Task objective:
With pictures excluded, copy word for word the lines in the data below from the line containing "AM 5 SERIES" through the line containing "Puma Puma Palmeiras".

Exercise input:

<<<<

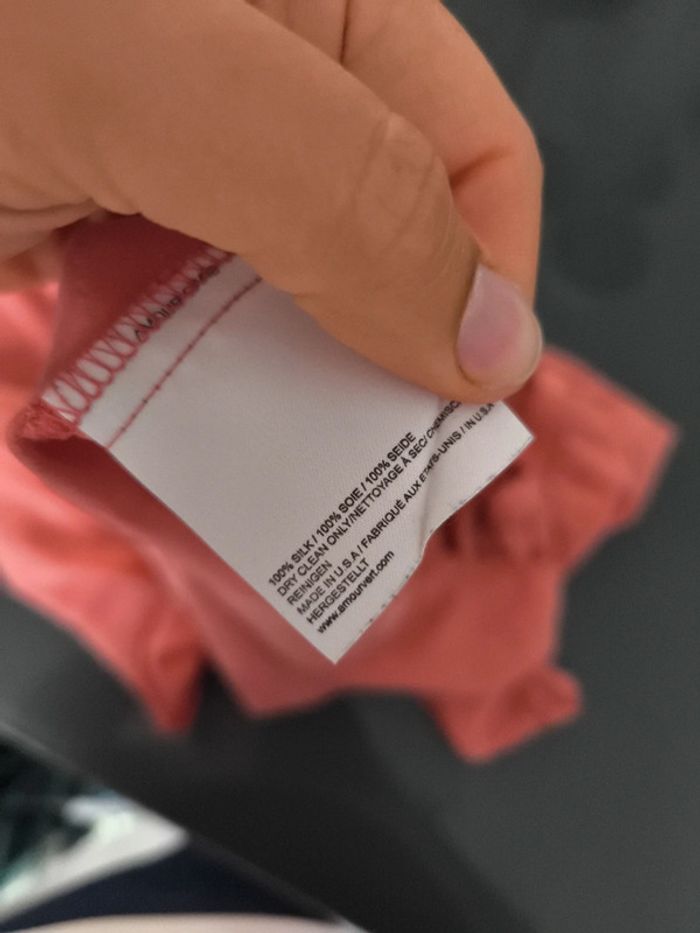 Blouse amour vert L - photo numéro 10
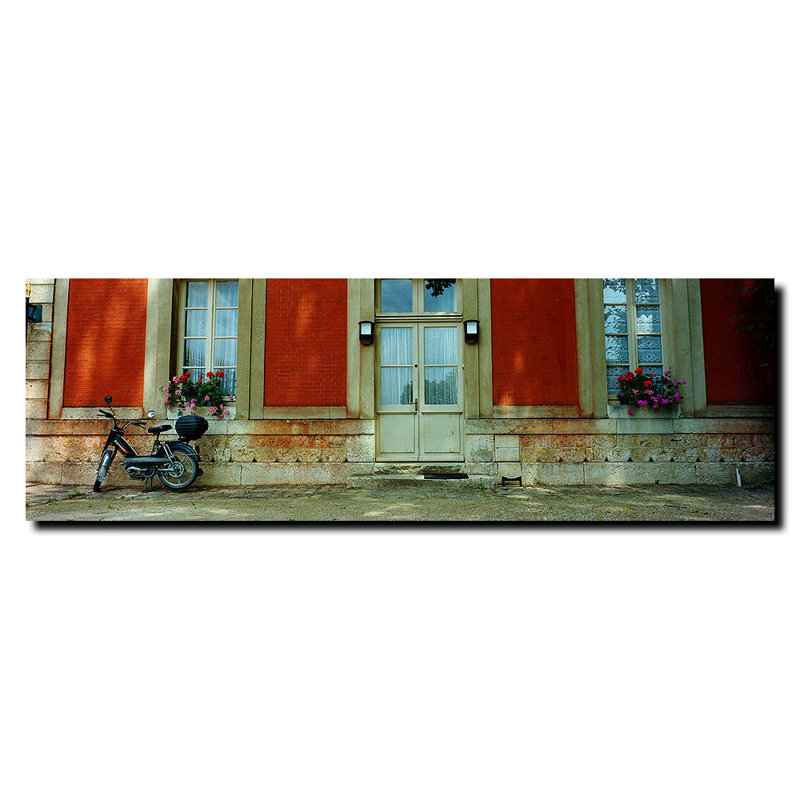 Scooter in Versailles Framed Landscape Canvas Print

>>>>
<<<<

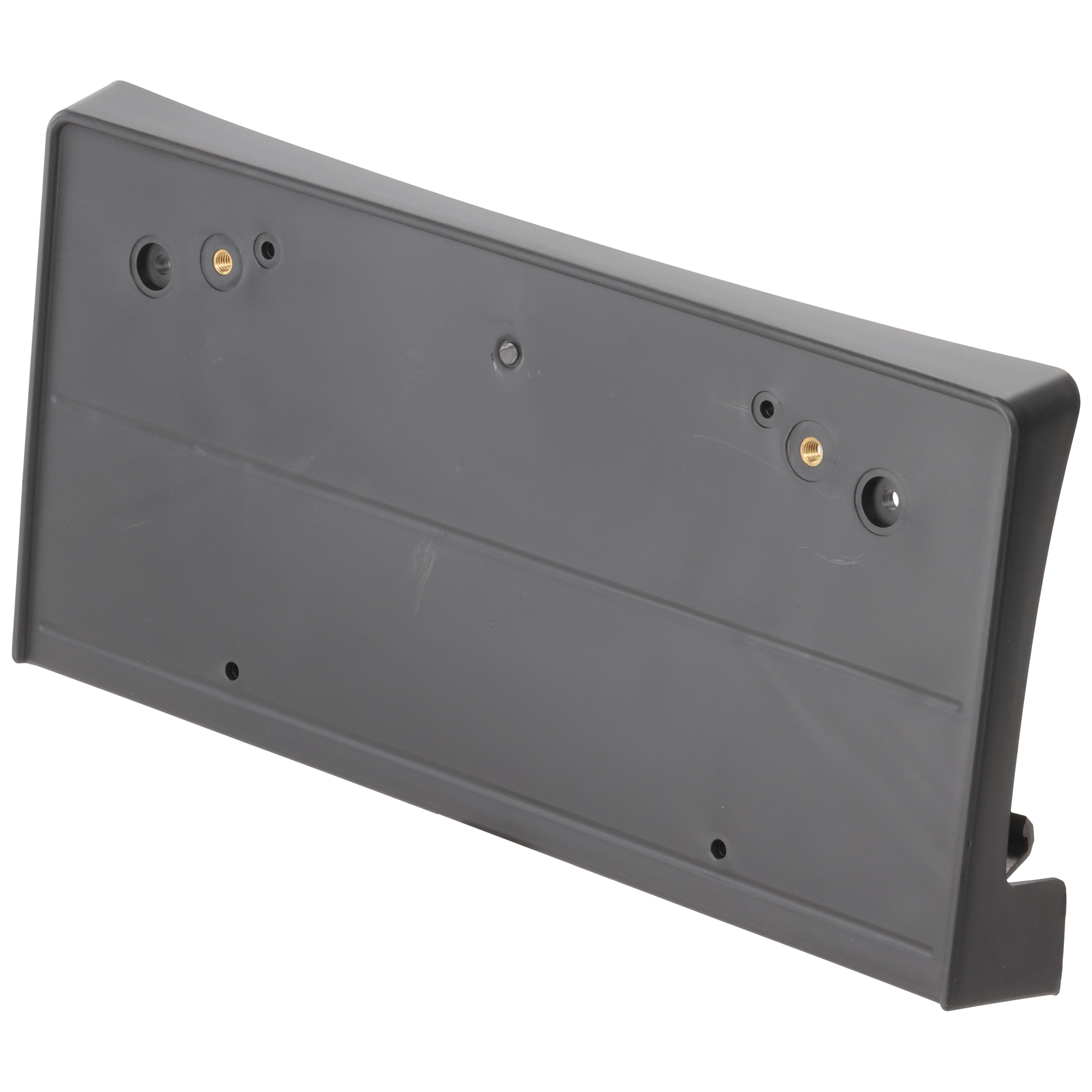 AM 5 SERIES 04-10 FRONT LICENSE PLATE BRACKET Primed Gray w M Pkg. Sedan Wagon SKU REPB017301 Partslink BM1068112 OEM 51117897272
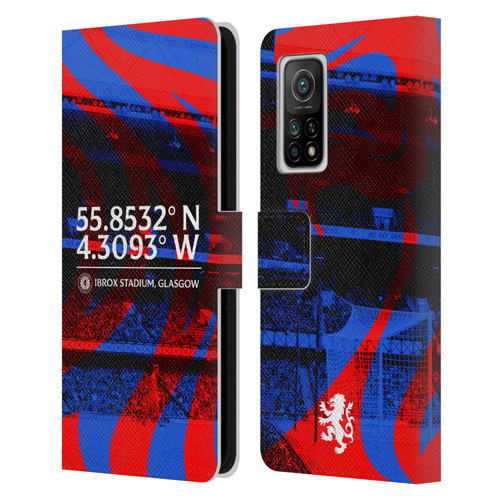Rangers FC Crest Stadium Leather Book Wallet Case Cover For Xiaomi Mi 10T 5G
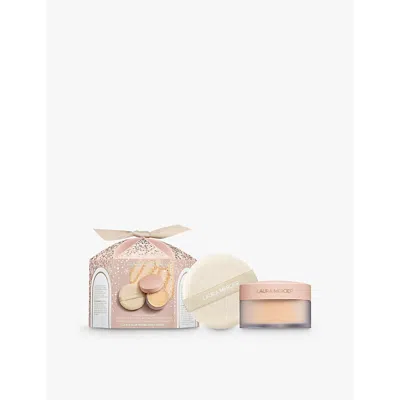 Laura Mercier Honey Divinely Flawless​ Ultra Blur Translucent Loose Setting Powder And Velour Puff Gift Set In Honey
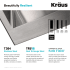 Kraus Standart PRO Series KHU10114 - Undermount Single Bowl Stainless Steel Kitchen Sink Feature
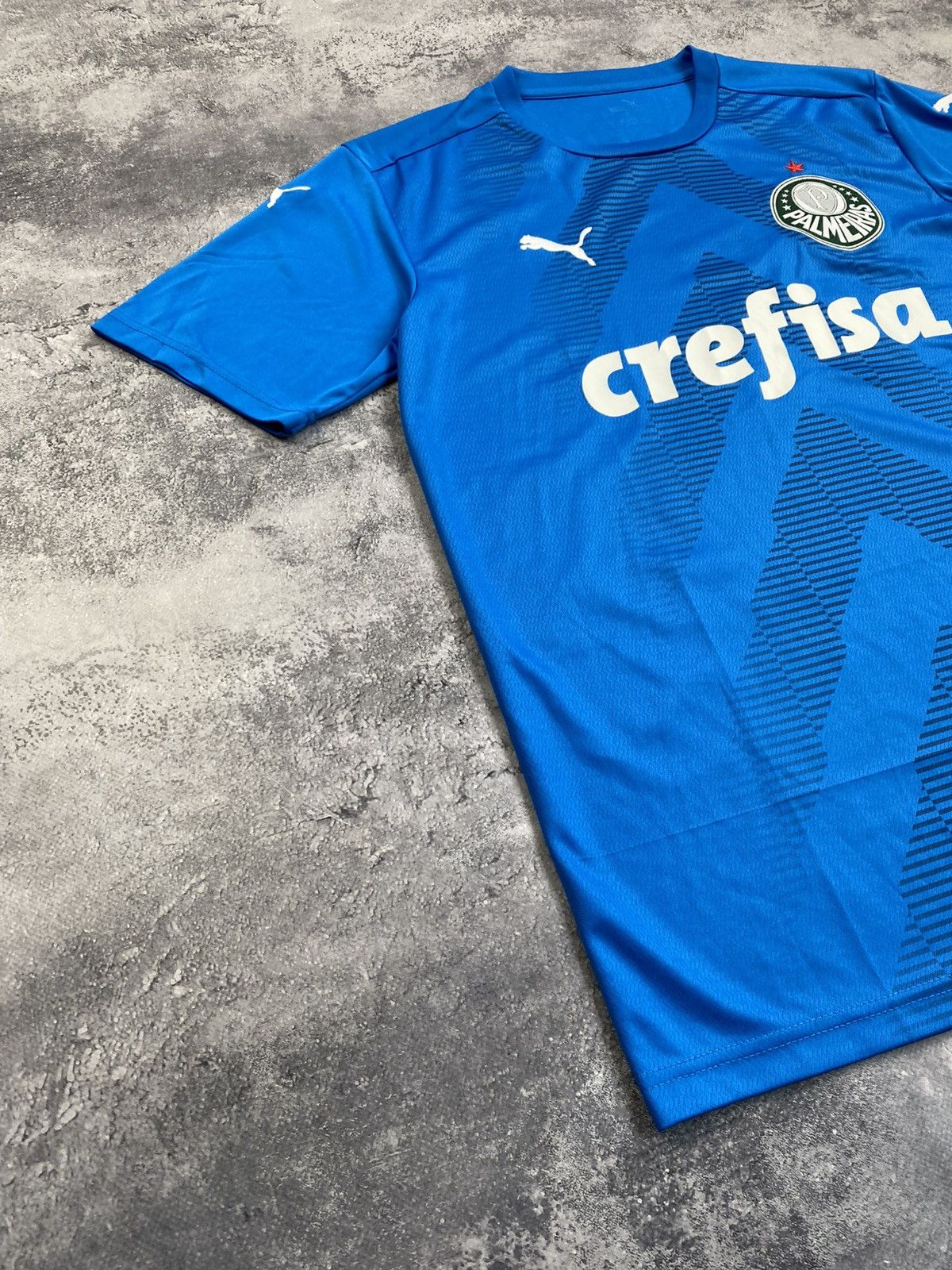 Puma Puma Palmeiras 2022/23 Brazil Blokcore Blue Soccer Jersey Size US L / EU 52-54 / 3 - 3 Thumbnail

>>>>

Final answer:
 AM 5 SERIES 04-10 FRONT LICENSE PLATE BRACKET Primed Gray w M Pkg. Sedan Wagon SKU REPB017301 Partslink BM1068112 OEM 51117897272
Rangers FC Crest Stadium Leather Book Wallet Case Cover For Xiaomi Mi 10T 5G
 Laura Mercier Honey Divinely Flawless​ Ultra Blur Translucent Loose Setting Powder And Velour Puff Gift Set In Honey
 Kraus Standart PRO Series KHU10114 - Undermount Single Bowl Stainless Steel Kitchen Sink Feature
 Puma Puma Palmeiras 2022/23 Brazil Blokcore Blue Soccer Jersey Size US L / EU 52-54 / 3 - 3 Thumbnail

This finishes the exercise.